**WORK INSTRUCTION:** Set out exactly, and only, the lines running from the one containing "18K Gold Cuban" to the bottom of the listing below; pictures stay out.
--------------------
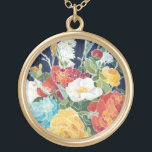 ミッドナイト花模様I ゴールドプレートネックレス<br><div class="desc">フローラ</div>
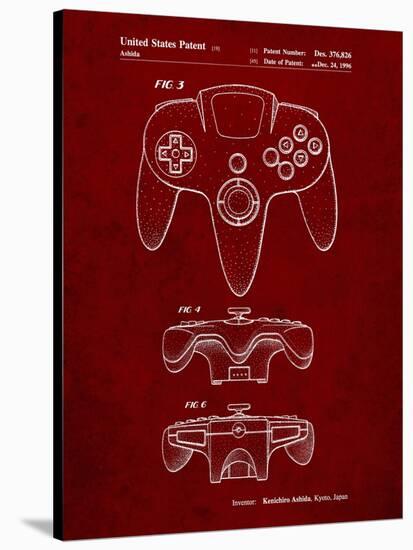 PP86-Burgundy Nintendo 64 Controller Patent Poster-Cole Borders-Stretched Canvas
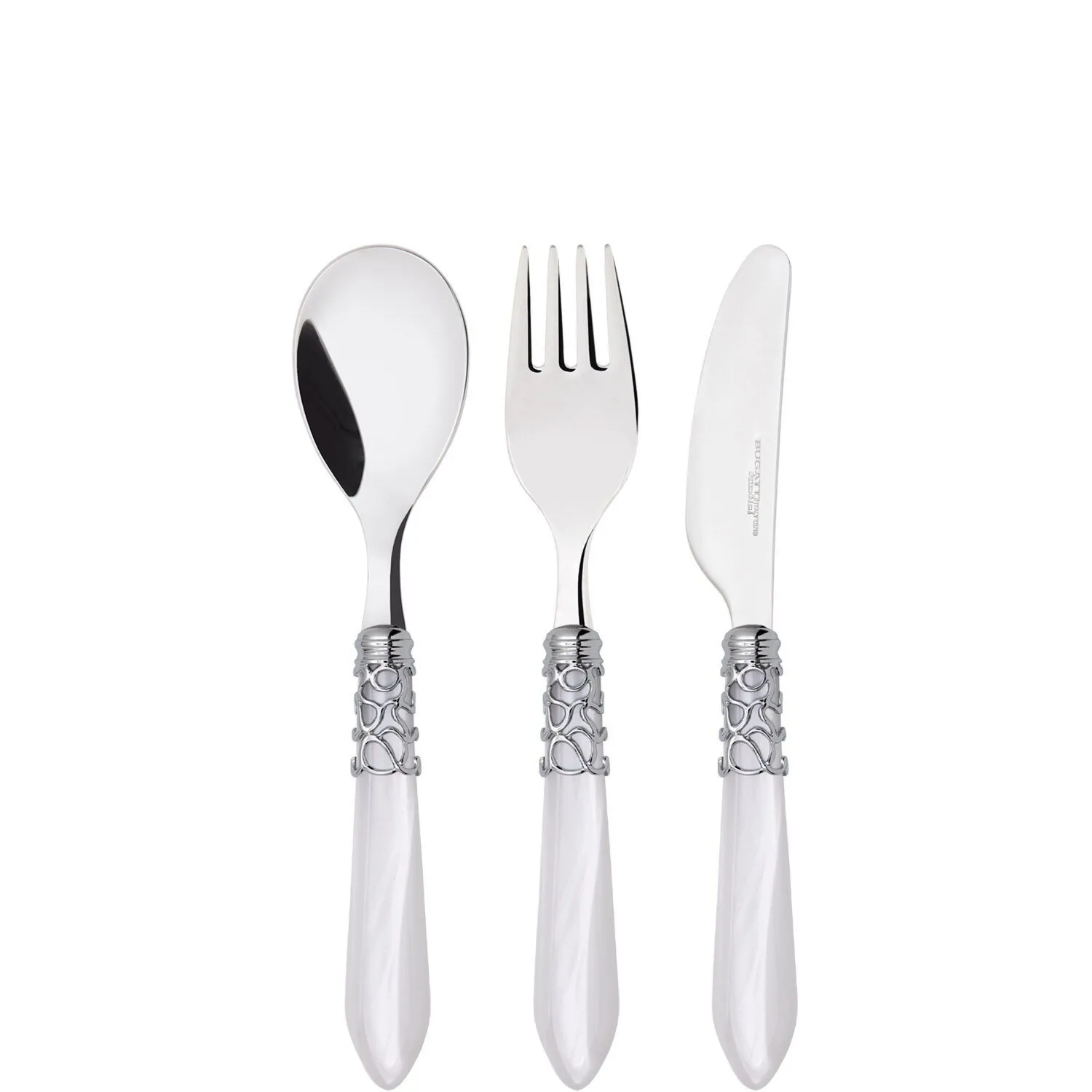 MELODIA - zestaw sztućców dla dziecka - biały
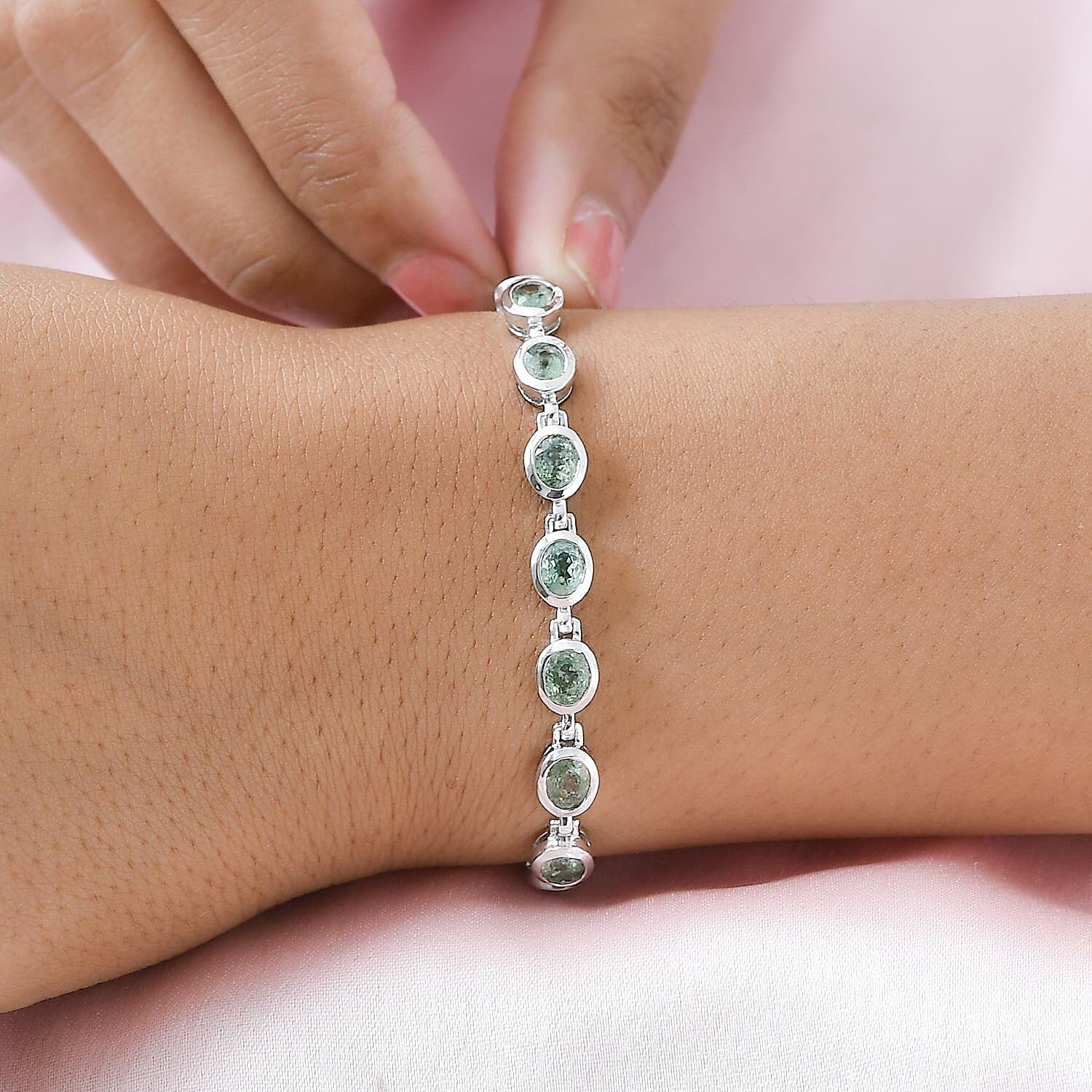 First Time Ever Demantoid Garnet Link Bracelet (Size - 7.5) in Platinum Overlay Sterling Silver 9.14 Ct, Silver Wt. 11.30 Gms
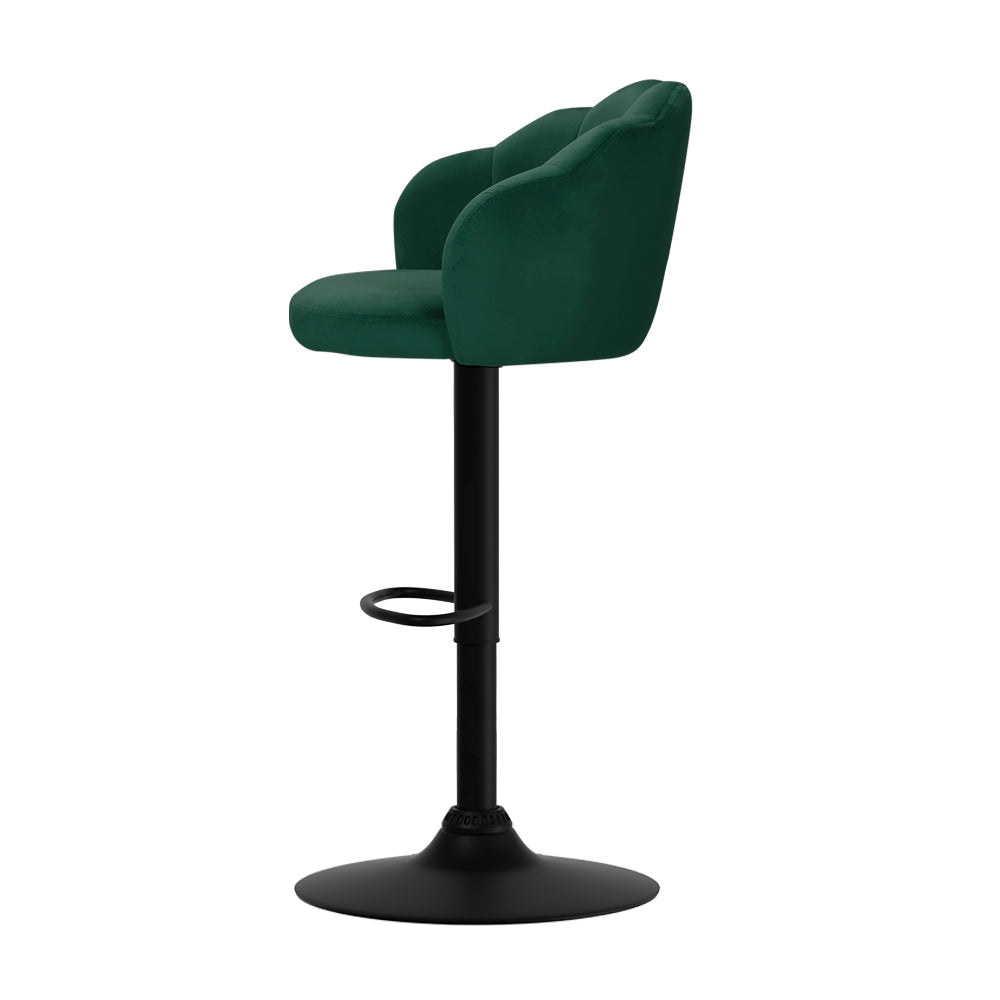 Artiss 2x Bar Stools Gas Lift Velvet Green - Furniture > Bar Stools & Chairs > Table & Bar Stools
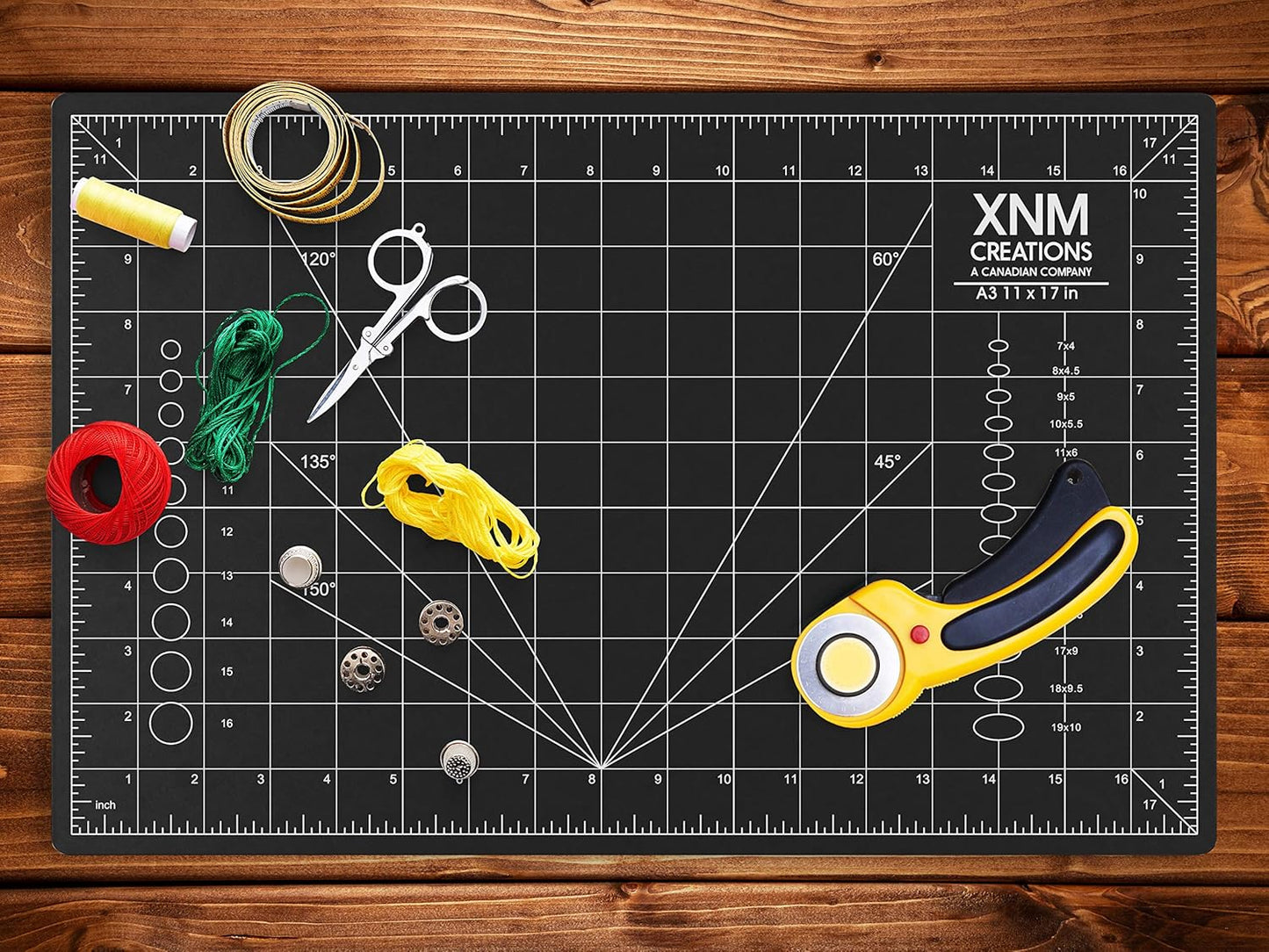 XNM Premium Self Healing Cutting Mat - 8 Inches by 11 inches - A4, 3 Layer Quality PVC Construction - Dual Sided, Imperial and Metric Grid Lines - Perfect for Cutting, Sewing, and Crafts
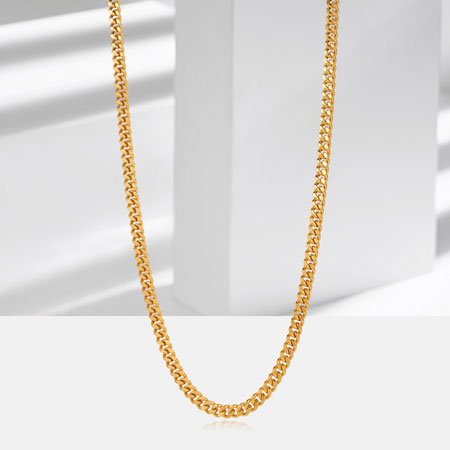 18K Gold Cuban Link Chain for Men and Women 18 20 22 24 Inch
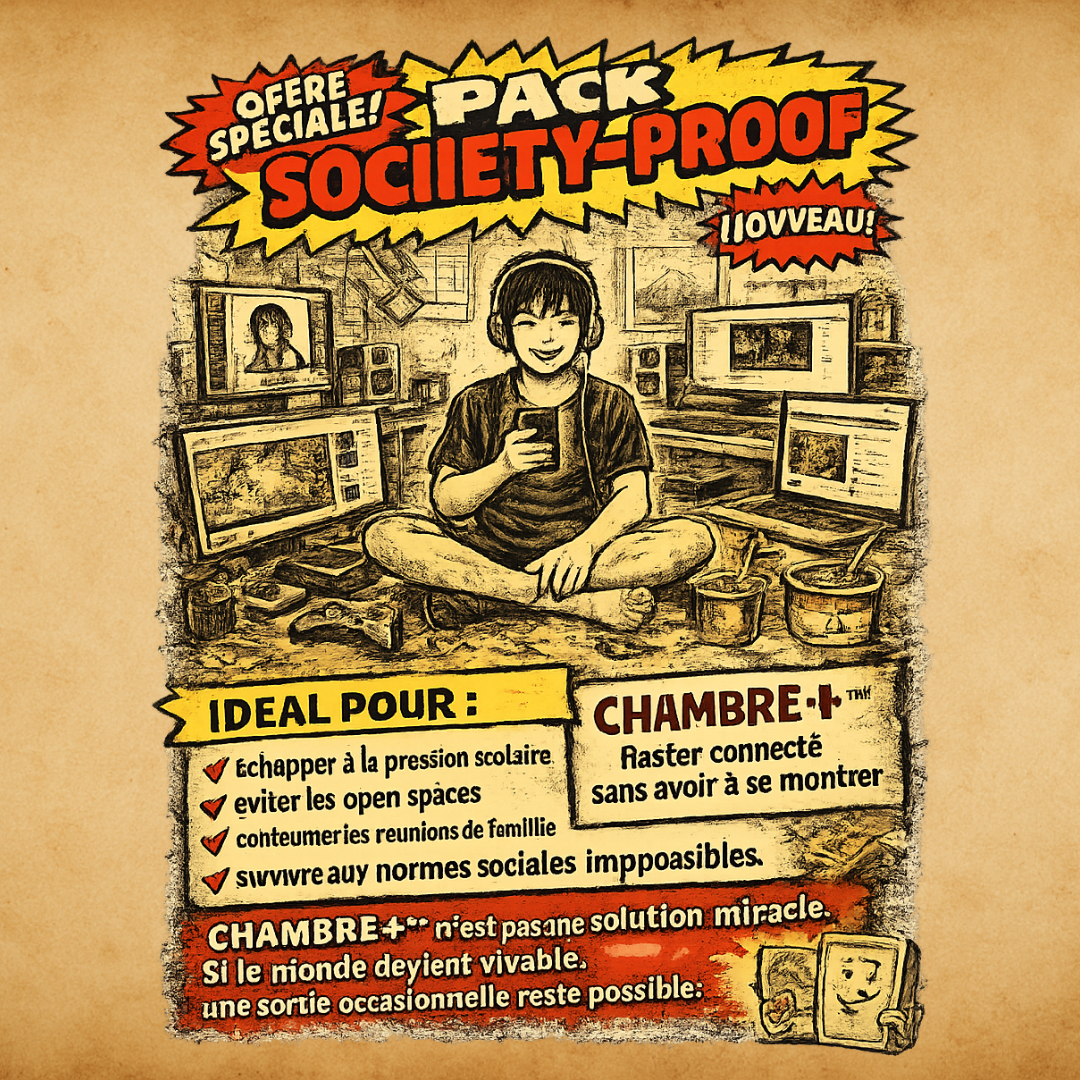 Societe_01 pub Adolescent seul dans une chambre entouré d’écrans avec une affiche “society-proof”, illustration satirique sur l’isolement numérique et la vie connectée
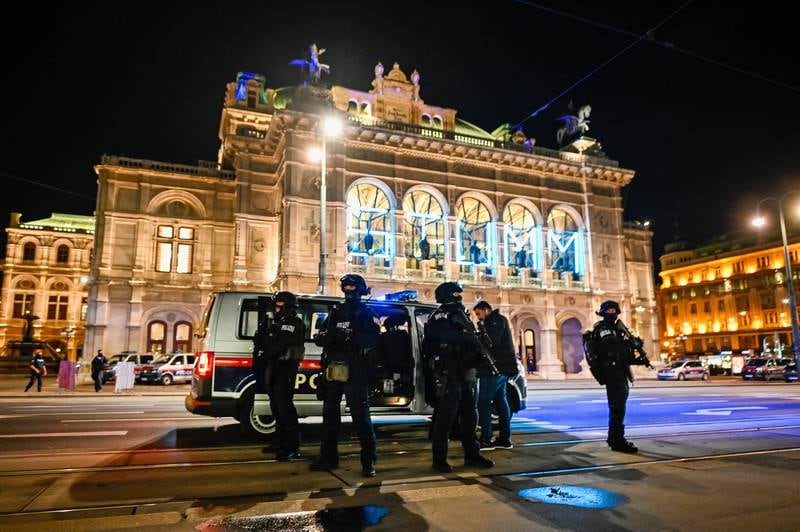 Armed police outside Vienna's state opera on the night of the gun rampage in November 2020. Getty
--------------------
**ANSWER FOR THE TASK:**
 18K Gold Cuban Link Chain for Men and Women 18 20 22 24 Inch
 Societe_01 pub Adolescent seul dans une chambre entouré d’écrans avec une affiche “society-proof”, illustration satirique sur l’isolement numérique et la vie connectée
 Armed police outside Vienna's state opera on the night of the gun rampage in November 2020. Getty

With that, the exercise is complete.